Manfredonia – «Il cigno e la tortora. Origene interprete del Cantico dei Cantici» – questo è il tema affrontato dal dr. Vito Limone (Università Vita-Salute San Raffaele, Milano) venerdì 15 maggio, presso l’Auditorium ‘Mons. Valentino Vailati’ di Manfredonia, quale conclusione della VI edizione del ‘Maggio di Cultura Cristiana’, rassegna organizzata dal prof. Michele Illiceto e patrocinata dall’arcidiocesi di Manfredonia-Vieste-San Giovanni Rotondo.
L’incontro è stato, inoltre, occasione della presentazione del libro: Origene, Commento al Cantico dei Cantici, a cura di Vito Limone, Feeria, Firenze 2014, pp. 430, € 30,00. Il dr. Limone ha scelto di concentrare l’attenzione su un tema molto affascinante dell’opera del Maestro cristiano alessandrino, il canto. E ha sottolineato che la novità di quest’opera, senz’altro una delle fondamentali della mistica cristiana antica, si comprende solo alla luce della differenza da ciò che l’ha preceduta. Così, anche la simbologia del ‘canto’, che caratterizza il commento origeniano al Cantico, è nuova in quanto il suo significato è inedito nell’antichità greca, dice cioè qualcosa di del tutto nuovo rispetto alla letteratura e al pensiero della Grecità.
A questo proposito, per mettere in luce la differenza tra il ‘canto’, quale è concepito da Origene nell’opera, e le forme del canto nell’antichità greca, si è soffermato prima di tutto sul canto di Orfeo, il canto poetico. Secondo la mitologia greca, infatti, Orfeo, figlio della più bella delle Muse, suonatore della cetra e della lira, aveva la capacità di ammansire col solo suono del suo strumento non solo le bestie più feroci, ma finanche i mostri infernali e persuadere gli dèi dell’Oltretomba a rilasciare l’amata Euridice. Il canto di Socrate, invece, canto filosofico, quelle parole ch’egli pronuncia nel dialogo del Fedone poco prima di morire, parole simili al canto dei cigni che, prima di lasciare questa vita, innalzano il canto più bello, è un canto di verità: come il cigno, animale profetico caro ad Apollo, prevede ciò che lo attende dopo la morte e, con il suo canto, gioisce di ciò che gli accadrà; così, le parole che il filosofo, che ha desiderato tutta la vita il sovrasensibile, pronuncia davanti alla morte, con cui solamente potrà possedere ciò che ha sempre atteso, sono parole di gioia, non di terrore.
Una terza, nuova forma del canto è introdotta, ha detto il dr.
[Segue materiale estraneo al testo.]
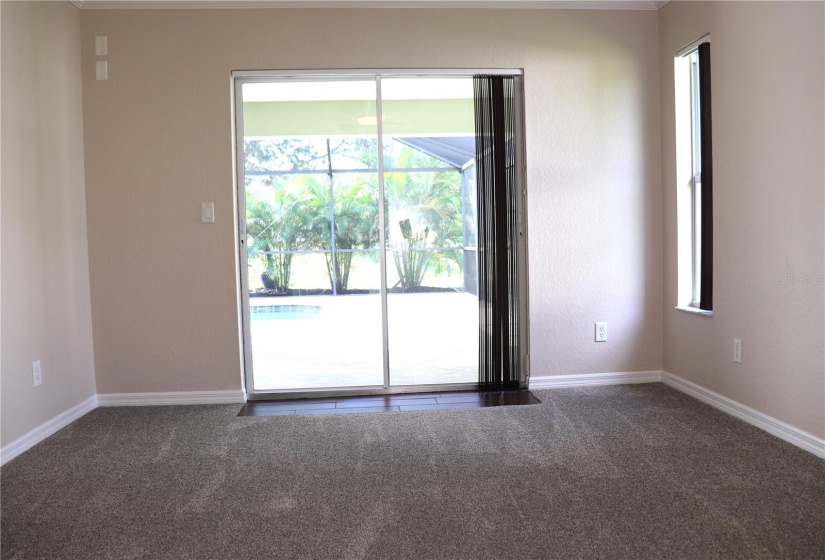 Primary Bedroom with view of pool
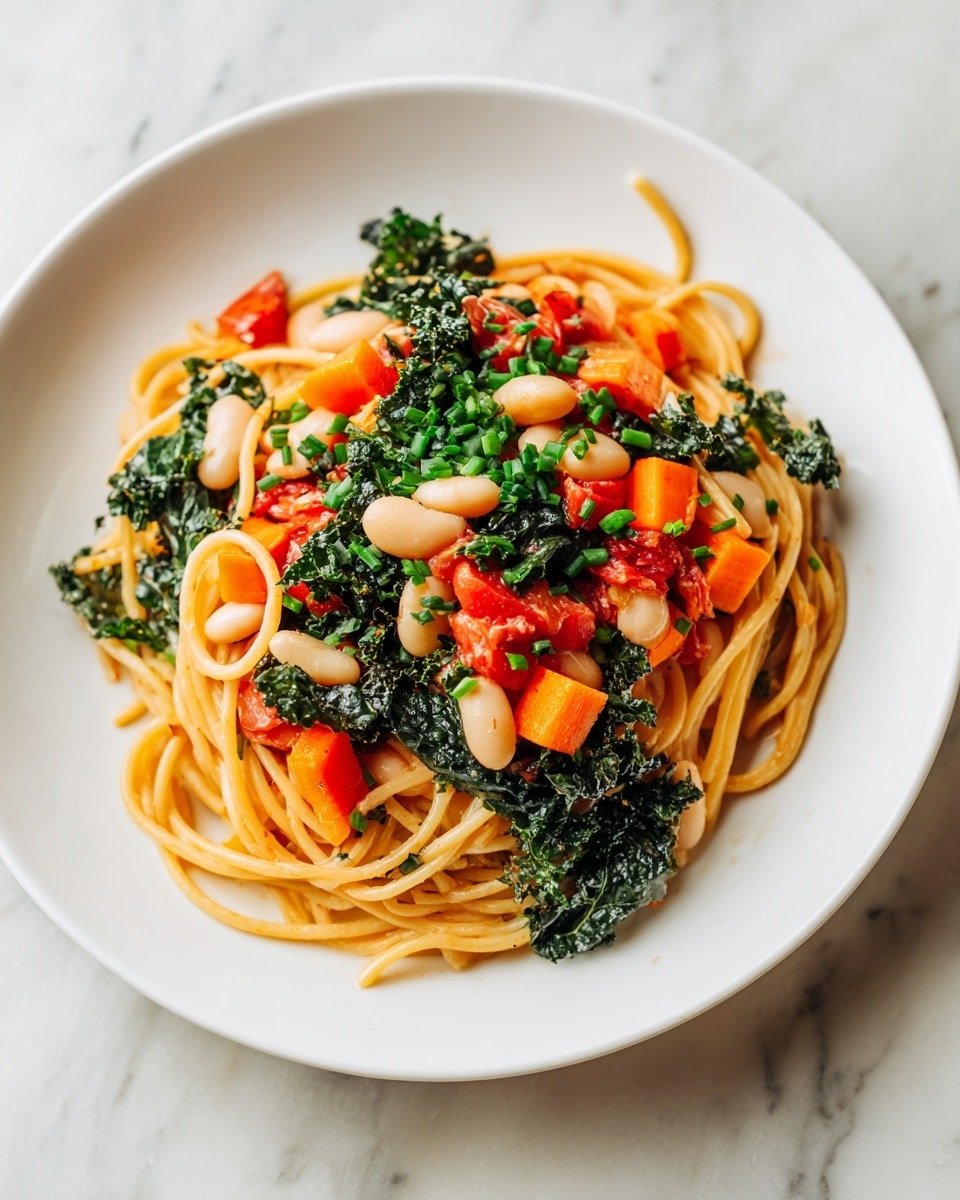 A white plate filled with three main layers: the bottom layer is light brown linguine pasta, tangled and spread across the plate; on top of it, there are bright orange carrot cubes and dark green leafy kale pieces evenly distributed; the top layer has white beans, small pieces of red tomato, and scattered green chopped herbs like chives, adding color and texture contrast. The plate is set on a white marbled surface. photo taken with an iphone --ar 4:5 --v 7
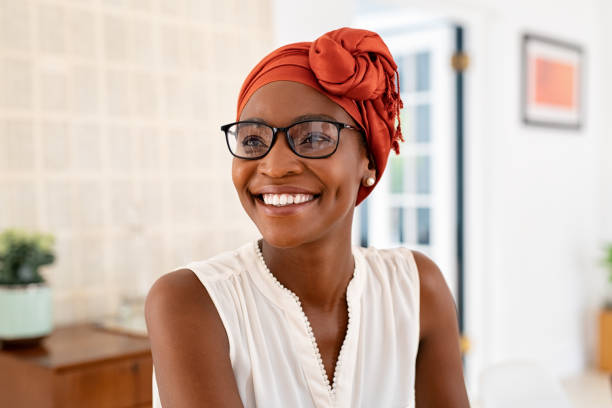 Happy smiling black woman with spectacles wearing african turban Cheerful mature black woman wearing spectacles and traditional turban at home. Beautiful african american woman with headscarf and eyeglasses sitting at home and looking away. Mature lady relaxing at home. beautiful older black woman stock pictures, royalty-free photos & images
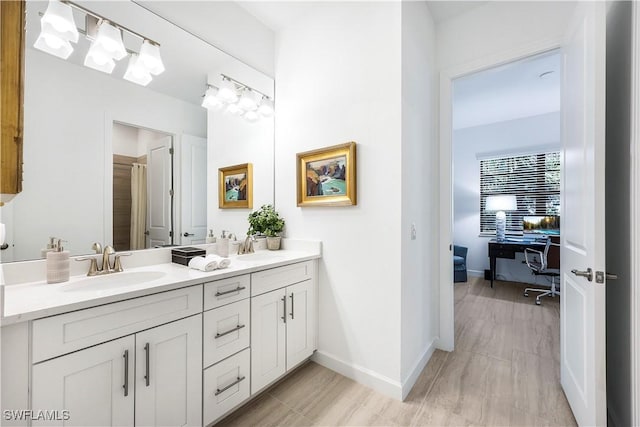 bathroom with vanity and hardwood / wood-style flooring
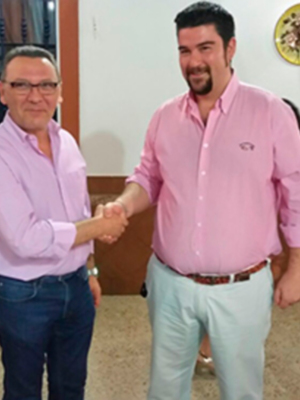 Tres hombres en una reunión formal, dos de ellos saludándose con una mano. El ambiente parece ser un lugar de trabajo o reunión, con elementos decorativos y una mesa en el fondo.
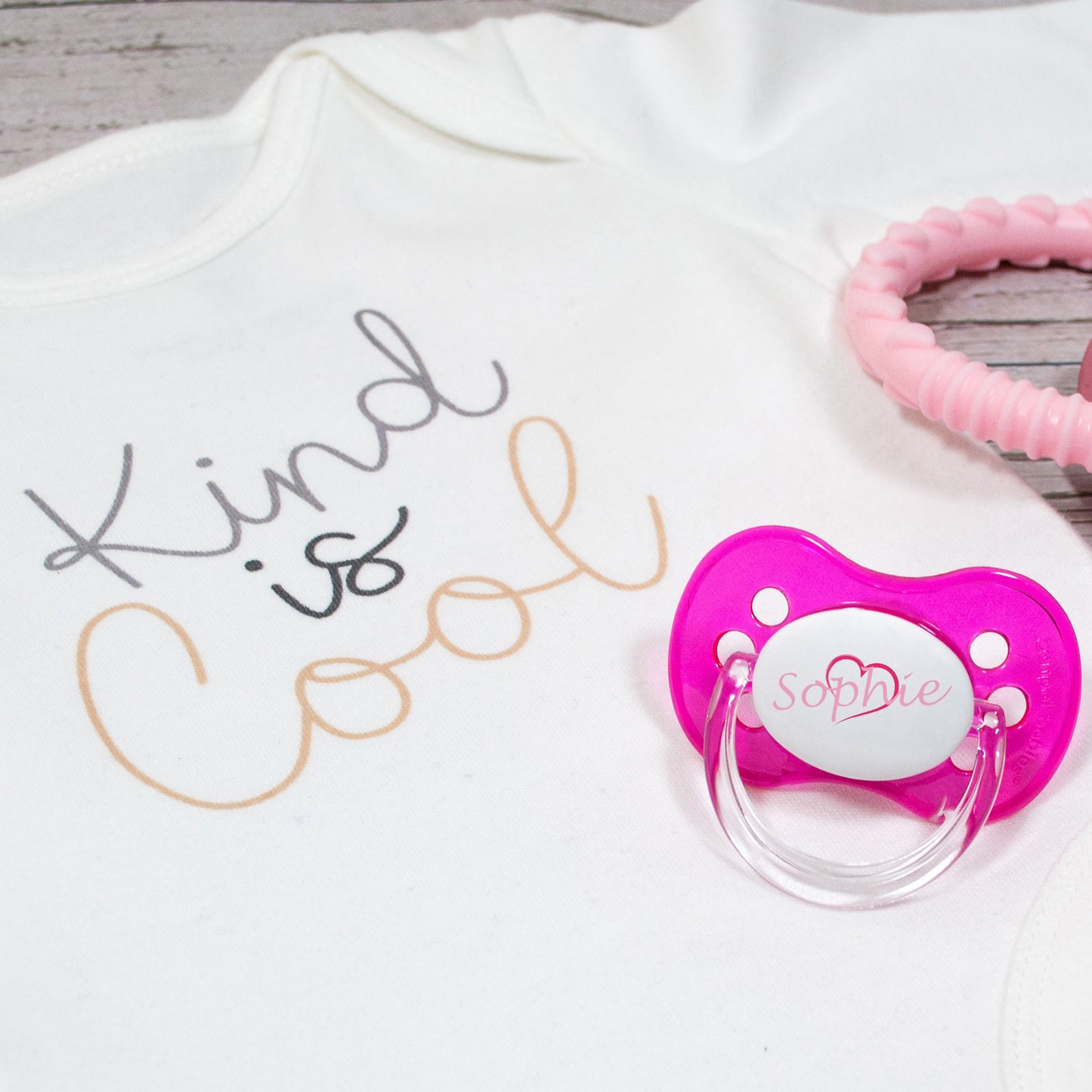 Personalised baby dummy with pink heart and pink name.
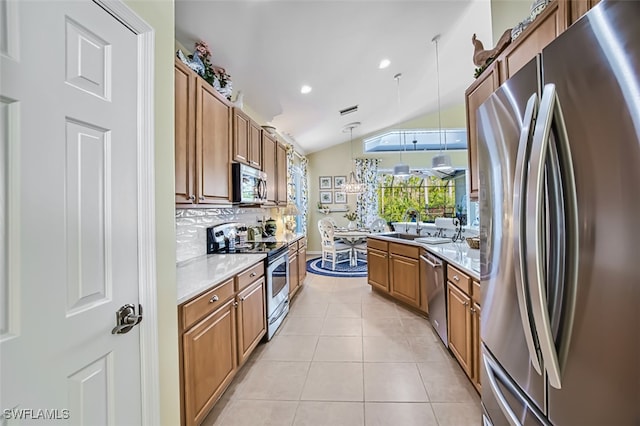 kitchen featuring lofted ceiling, decorative light fixtures, light tile patterned floors, stainless steel appliances, and decorative backsplash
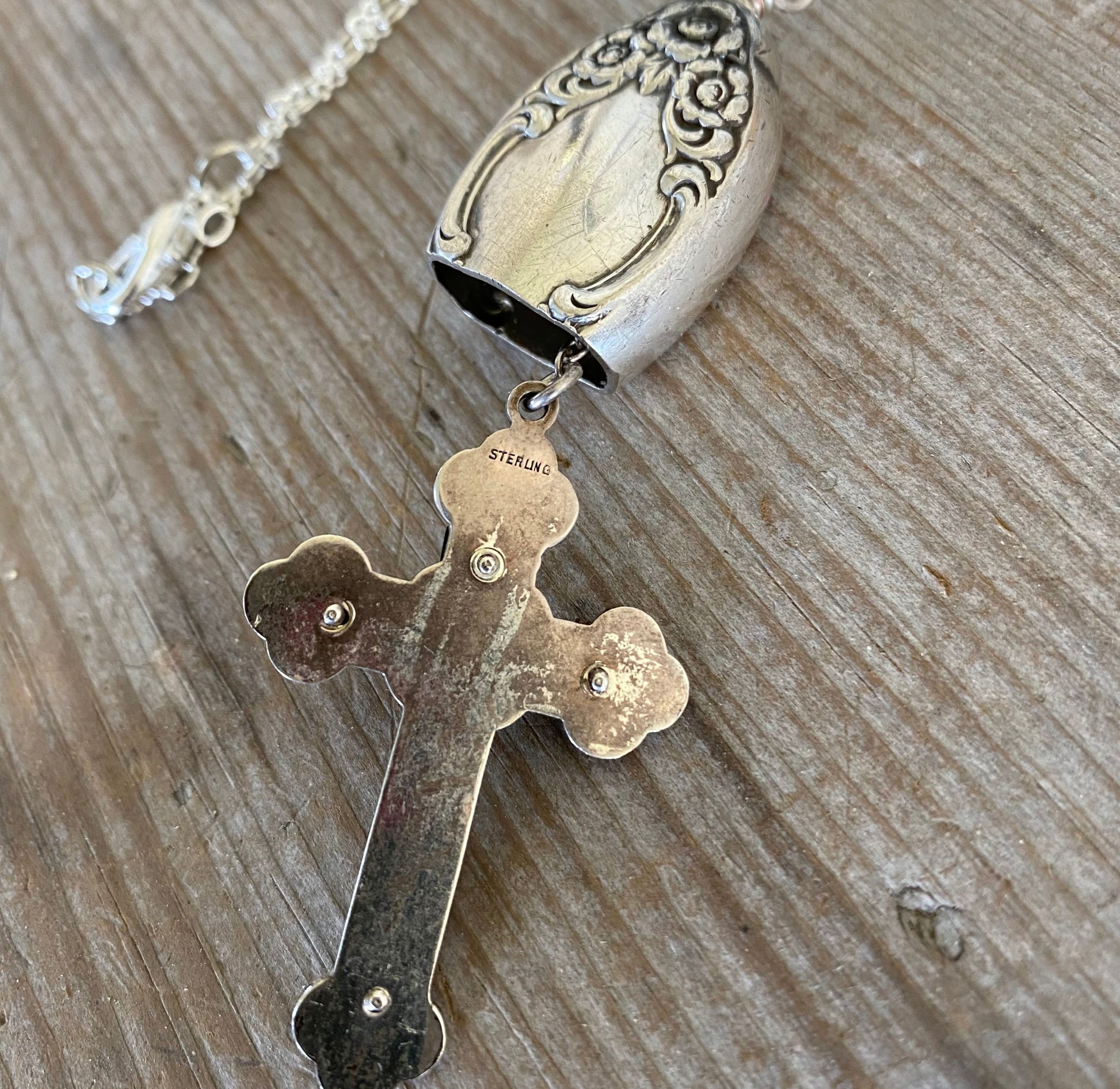 Back of vintage sterling silver rosary cross hanging as clapper indicationg authentic sterling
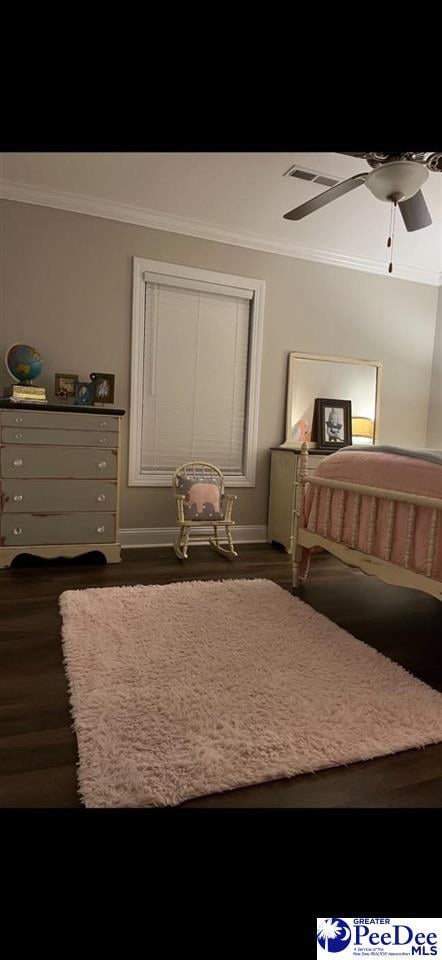 bedroom with ornamental molding, dark hardwood / wood-style floors, and ceiling fan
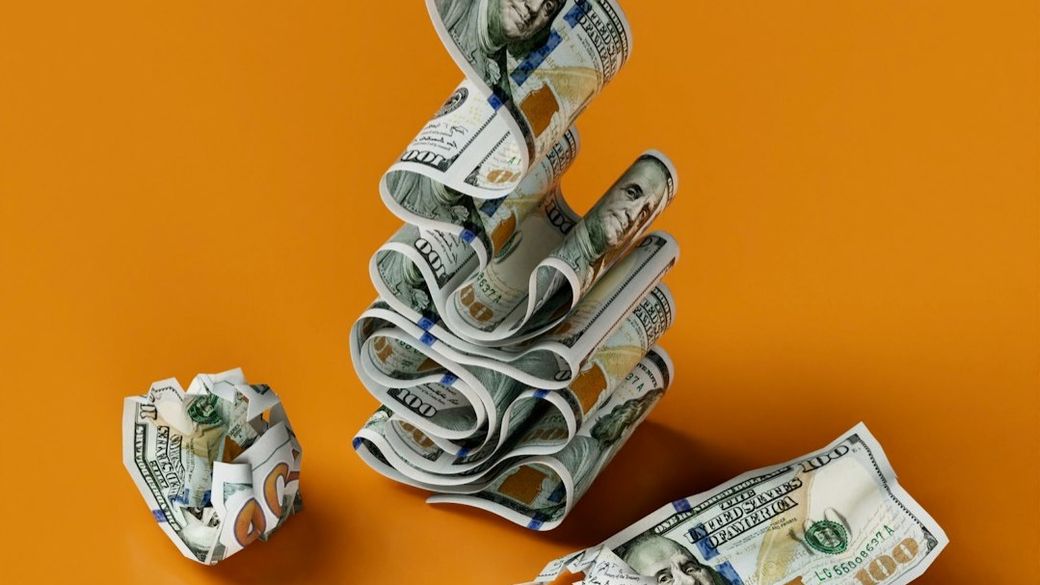 a stack of money sitting on top of a table — Credit: Photo by Igor Omilaev on Unsplash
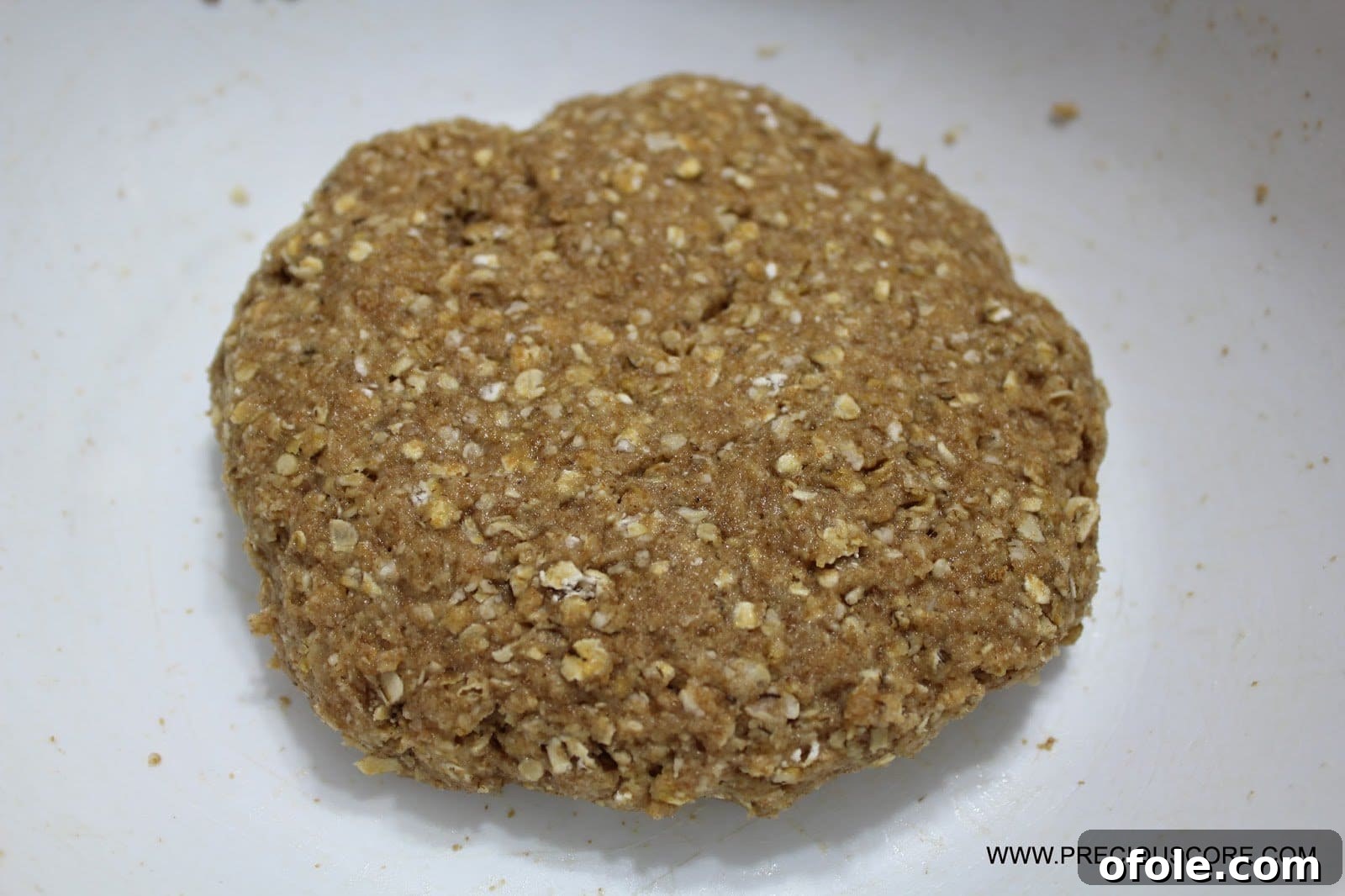 Forming healthy fruit pizza crust on a pizza pan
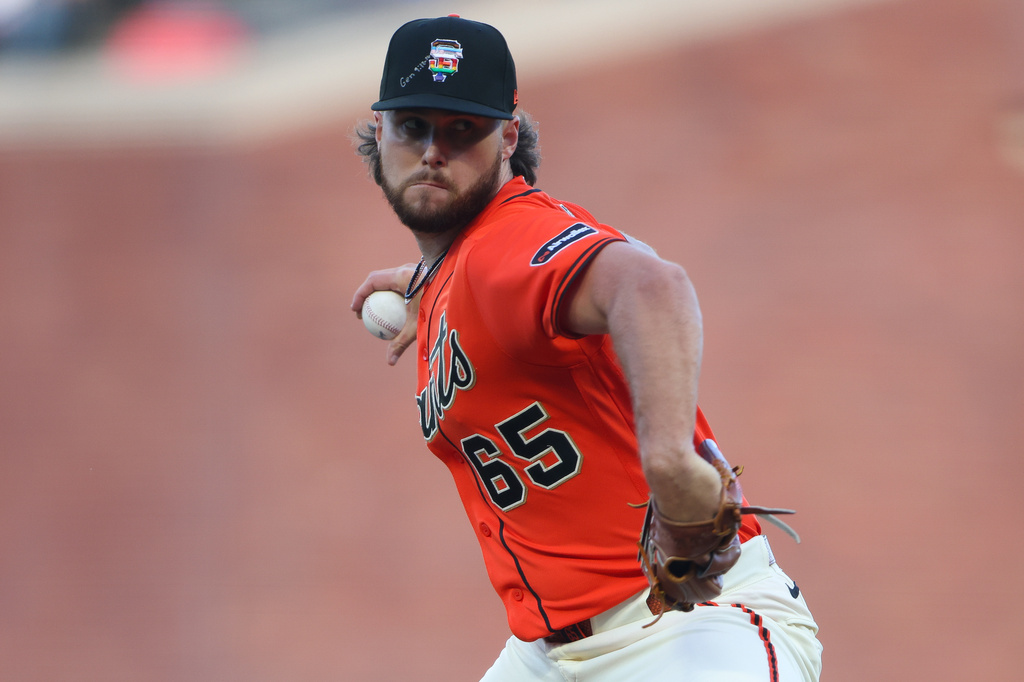 San Francisco Giants pitcher Landen Roupp throws to a Chicago Cubs batter during the first inning of a baseball game Friday, June 12, 2026, in San Francisco, Calif. (AP Photo/Scott Marshall)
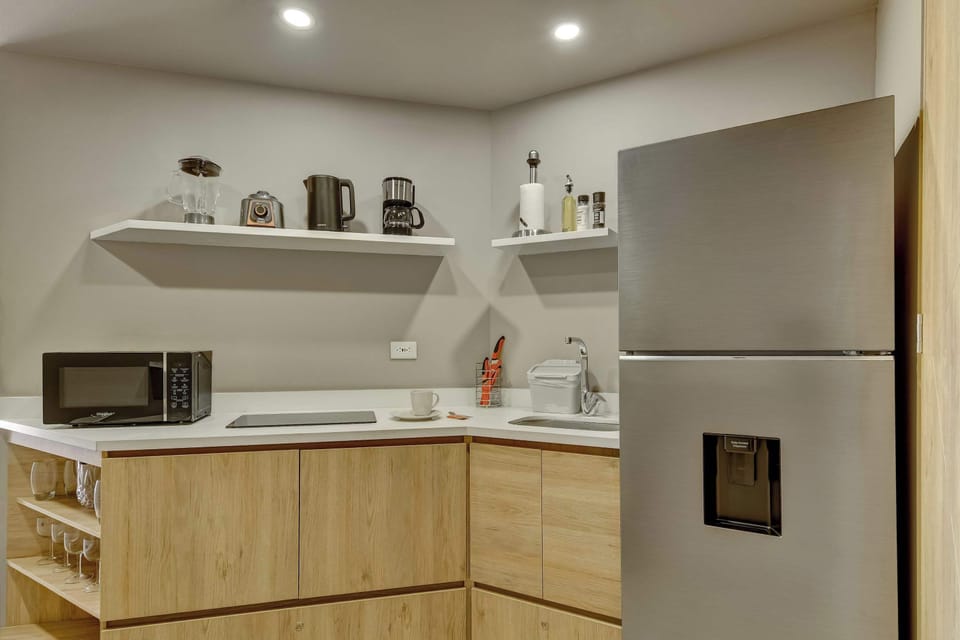Fully equipped kitchen with modern appliances and ample storage.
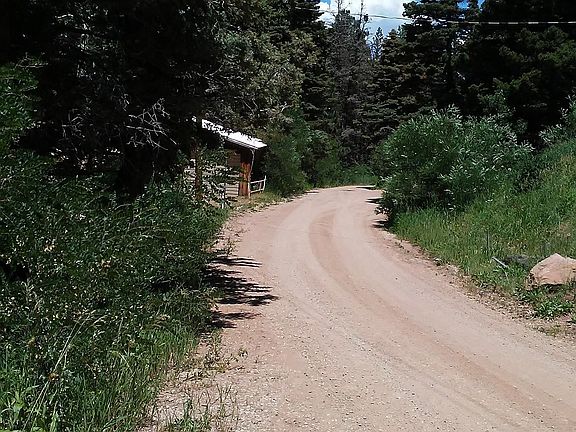 Looking Up Hill Road at Neighbor
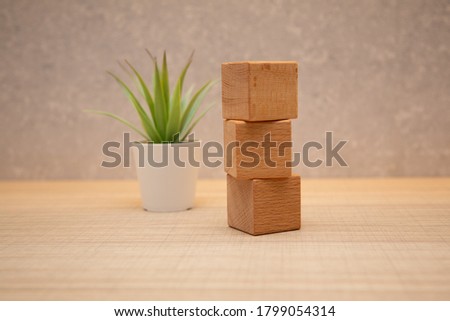 Three wooden toy cubes arranged in vertical on white grey wooden background.
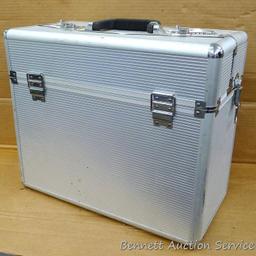 Aluminum storage case 18" x 15" x 9" with combination locks and fold down tops sections for access.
Limone, da Clemente, in quell’opera famosa che è un’introduzione alla filosofia, il Protrettico, in cui l’autore cristiano dice che, oltre al canto dei Greci – il canto di Orfeo, o quello di Socrate – c’è un nuovo canto, quello di Cristo, canto nuovo eppure eterno. Se il canto di Orfeo è un canto che seduce e quello di Socrate un canto che dice la verità, il canto di Cristo, che anche possiede le caratteristiche di questi due canti, è un canto che salva, che dona salvezza a coloro che lo ascoltano.
Questo motivo del canto, infine, torna anche nel Commento di Origene al Cantico, lì dove l’Alessandrino interpreta i versetti in cui si parla del canto della tortora. Il cantico della tortora – spiega Origene – è allegoria sia del canto di amore di Cristo per l’anima, che è attratta da Cristo come noi siamo attratti dal canto della tortora che, quanto più si nasconde in luoghi deserti, tanto più è cercata, ma è anche allegoria del canto d’amore dell’anima per Cristo, che è l’unico vero ‘sposo’ dell’anima, come la tortora è animale fedele al proprio compagno per tutta la vita. Il canto, dunque, di cui parla Origene – indica il dr. Limone –, quel canto che è allegorizzato dal canto della tortora, è un canto d’amore. L’incontro, inoltre, è stato seguìto da un vivace dibattito con il prof. Illiceto nonché con il pubblico presente in sala.